**PROMPT**
Give back the whole listing exactly as written, pictures excluded.

**DATASET EXTRACT**
'''

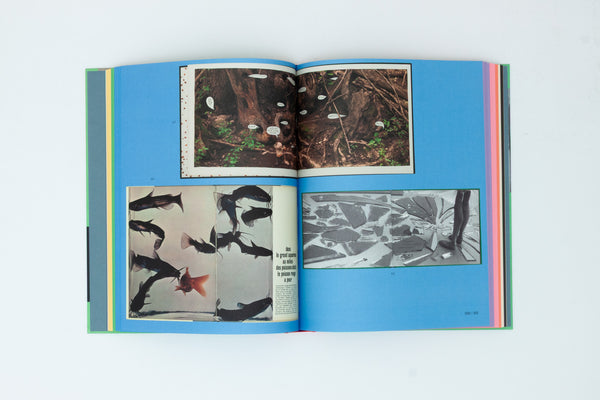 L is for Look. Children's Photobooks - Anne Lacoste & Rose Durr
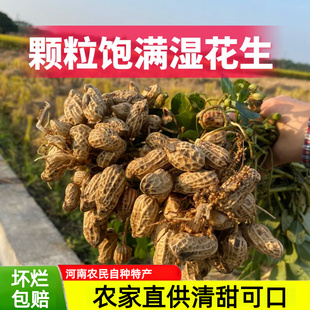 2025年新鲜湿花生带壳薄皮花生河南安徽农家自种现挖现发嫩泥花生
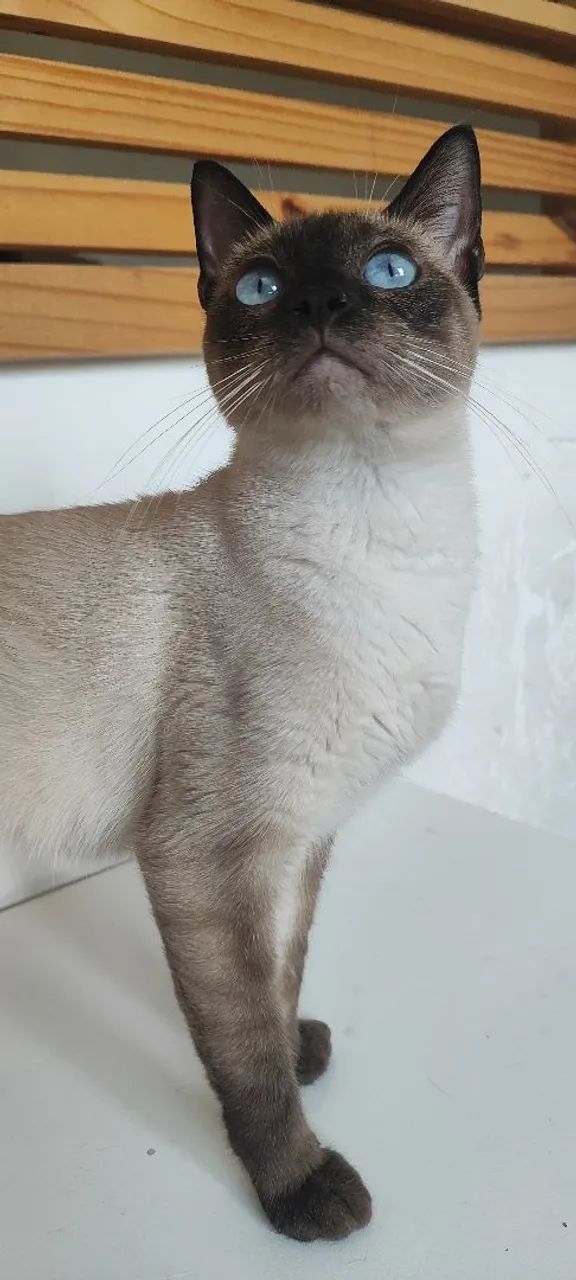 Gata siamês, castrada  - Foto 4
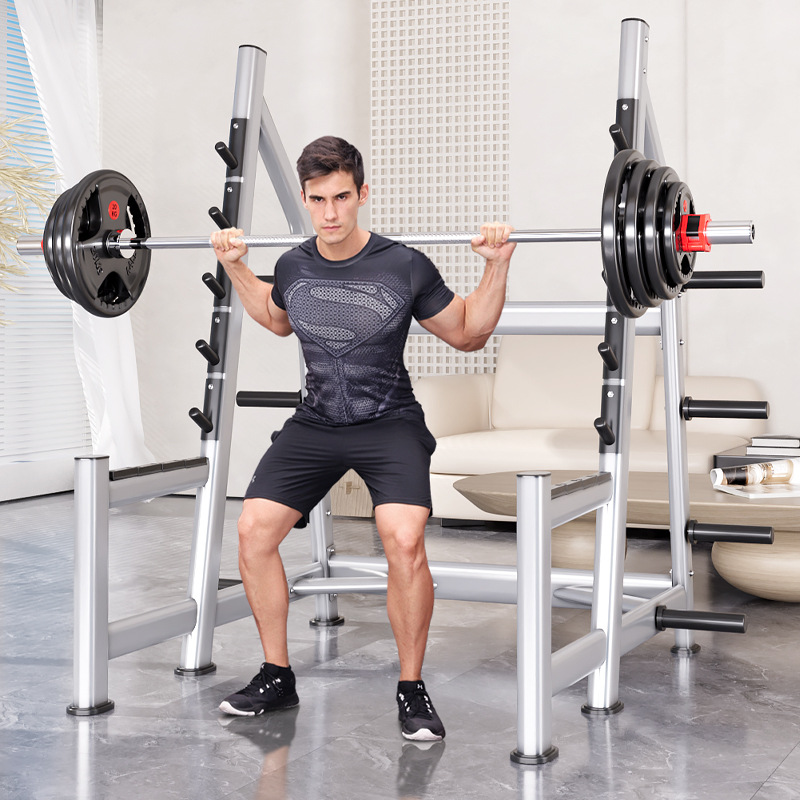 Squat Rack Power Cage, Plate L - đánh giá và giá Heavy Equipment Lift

'''

**WRITTEN SOLUTION**
 L is for Look. Children's Photobooks - Anne Lacoste & Rose Durr
 2025年新鲜湿花生带壳薄皮花生河南安徽农家自种现挖现发嫩泥花生
 Gata siamês, castrada  - Foto 4
 Squat Rack Power Cage, Plate L - đánh giá và giá Heavy Equipment Lift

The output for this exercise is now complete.